The guy I plan to race has informed me that his car is a '94 Mustang with a 5.0 V-8. When asked about mine, I find myself looking for the owner's manual and remembering I've been asked to move all the crap out of my car so nothing can "become a projectile." Life without a pine tree freshener and St. Christopher is lonely and I find myself jonesing for a George Plimpton bobble head.

I had wanted to race against Dale Lindstrom, de facto patriarch of the Samoa Dragstrip, but sciatica has him in the pits nursing his back and a 1929 Ford Roadster. Dave can tell you about growing up in the '30s just a half mile up the road, "shooting rabbits just over there," and delivering the Times-Standard to Navy seamen when this was a World War II blimp base. (The Japanese had attacked a tanker off Cape Mendocino just two weeks after Pearl Harbor, so blimps started patrolling the North Coast.)
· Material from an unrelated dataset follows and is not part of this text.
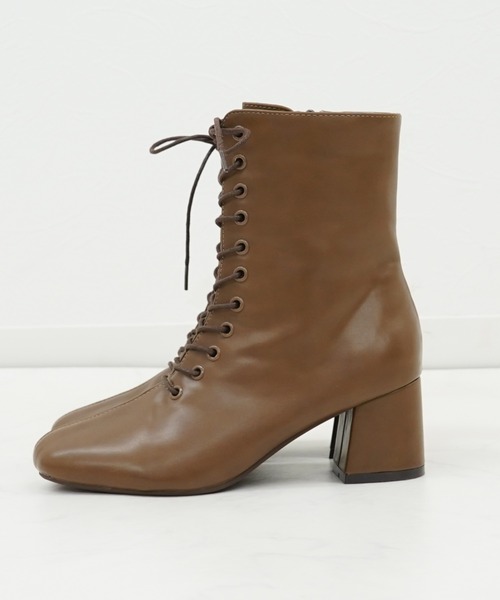 archives（アルシーヴ）の「レースアップブーツ（ブーツ・レディース・アイボリー/ブラック/ブラウン・MEDIUM/LARGE）」の4枚目の写真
The blimp base closed in 1945 and by 1952 local car clubs (most notably The Blockbusters) began racing on the airstrip. The car clubs merged to form the Humboldt Timing Association, holding organized races from spring to fall. It held its first National Hot Rod Association (NHRA) sanctioned race on Nov. 21, 1954. Eventually drivers grew tired of interrupting their races so planes could land so, in 1960, with the help of Eureka-based Mercer-Fraser Company, the group built the current strip about 100 yards away. The Samoa Dragstrip (400 New Navy Base Road) — along with the Redding Dragstrip — is among the oldest, continuously running drag strips in the country.

"The air here is perfect for racing," says Jerry Brazil, who first raced out at Samoa in 1955 with a modified Ford Model A. "When you factor the altitude, temperature and humidity out here, you can get a corrected altitude below sea level. So the air is denser. The denser the air, the more that goes through the motor, and the faster you go!" Brazil would know. He's built nearly all the cars he's raced. His personal best over a quarter-mile (the standard drag racing distance) is 5.42 seconds and 264 miles per hour at Sears Point.

"People wonder why we would only want to drive for a few seconds," says Danny Wright, president of the Samoa Dragstrip for the past 13 years (and who admits a fetish for '57 Chevys). "It's about the cars, the adrenaline, and the competition."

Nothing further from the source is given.